Those colours would work well for Nurgle. However, I would put the Orkhide on smoothly rather than dry-brushing; otherwise the model risks being to dark.

If you are looking for something different from green then base-coating in Scorched Brown then layering progressively yellower mixtures of Scorched Brown:Iyanden Darksun can also work.


----------



## bigboss08 (Jun 27, 2008)

Painting commenced today. I didnt go for the above, I opted for:
-Black basecoat
-Gretchin Green/Catachan Green mix
-Thrakka Green Wash
-Devlan Mud wash
-Gretchin green highlight

At the moment I have just 2 out of 12 models done (armour and boots/gloves only) They llok good. Like I said in my intro, I have been out of the loop for sometime now so for my first paint in nearly 5 years I am impressed.
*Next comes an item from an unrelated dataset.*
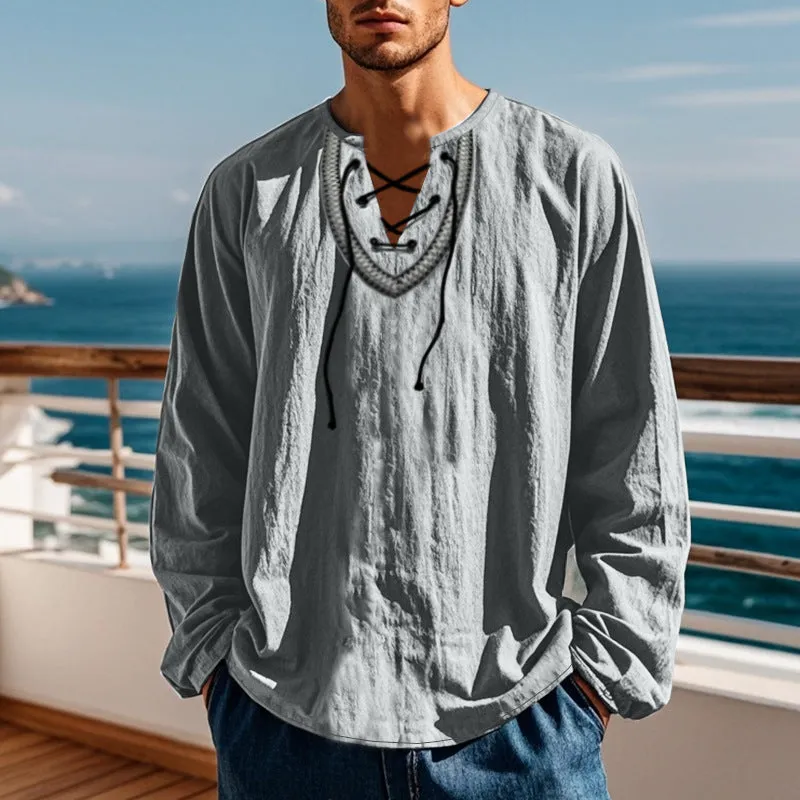 Men's cotton blend pullover retro ethnic style casual long-sleeved shirt in loose fit navy blue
Once I learn how to upload pictures I will get them up.
I could also do with some ideas on their robes/cloaks colour. Thanks!


----------



## bigboss08 (Jun 27, 2008)

Hey just need some more advice about rust on the shields and armour rivets. Should I do subtle rustage or quite heavy? Any how do you get a good rust effect. Seen a few tutorials on here but there not really what I am after.
Cheers 
Ellison


----------



## yanlou (Aug 17, 2008)

I actually do my Nurgle in way totally different then others, look at the Purged CSM scheme to see how i do my Warriors of Chaos.


----------



## Dave T Hobbit (Dec 3, 2009)

I use depth of rust as an indicator of power and how long the Warrior has worshipped Nurgle, so my Warriors have light rust and my Chosen have heavy.

Light rust
(i) Basecoat with Boltgun Metal
(ii) Stipple Bestial Brown particularly close to inward corners
(iii) Stipple over part of the Bestial Brown with Blazing Orange
(iv) Drybrush with Boltgun Metal

Heavy Rust
(i) Basecoat Bestial Brown
(ii) Propped up the model so that the rusty area is at the angle it which will normally be
(iii) Wash heavily with Blazing Orange
(iv) Wait for the trickles to dry
(v) Drybrush areas that would receive regular wear with Boltgun Metal


----------



## bigboss08 (Jun 27, 2008)

I have got my first 4 WoC nearlly finished. Just need some more highlights, detailing and I cant quite decided what to colour to paint the axe handles and sword hilts. So heres some photos, sorry for the poor quality.




So there we are, still 8 more to go. Again my apologies for the not so good photo skills.
Cheers


----------



## Lubacca (Sep 4, 2011)

For someone that hasn't painted in several years those are quiet good actually. My only comment on the pictures would be to try and take the pics on a white back ground, allows for your colors to show better, right now because of the background they look a little muted. But I like it, I like it alot


----------



## Dave T Hobbit (Dec 3, 2009)

I suggest either purple or dull yellow for the trimmings.

I like the green tones on the armour and cloth; are you intending to pick out the star on the banner in a contrasting colour as well?

The skull spiked on the end of a mallet is an interesting idea; however it does draw the eye to the mould line below it.


----------



## bigboss08 (Jun 27, 2008)

Thank you. Yes at soem point I will doing the star on the banner, but I will do that once all 12 are done to get a greater feel of what colour to use. I have a tub of bubonic brown for some trim highlights, but unsure how to utilize it now. The skull on the mallet was just a crazy off-the-cuff idea, and thanks for pointing the mould line out. I completely missed it.


----------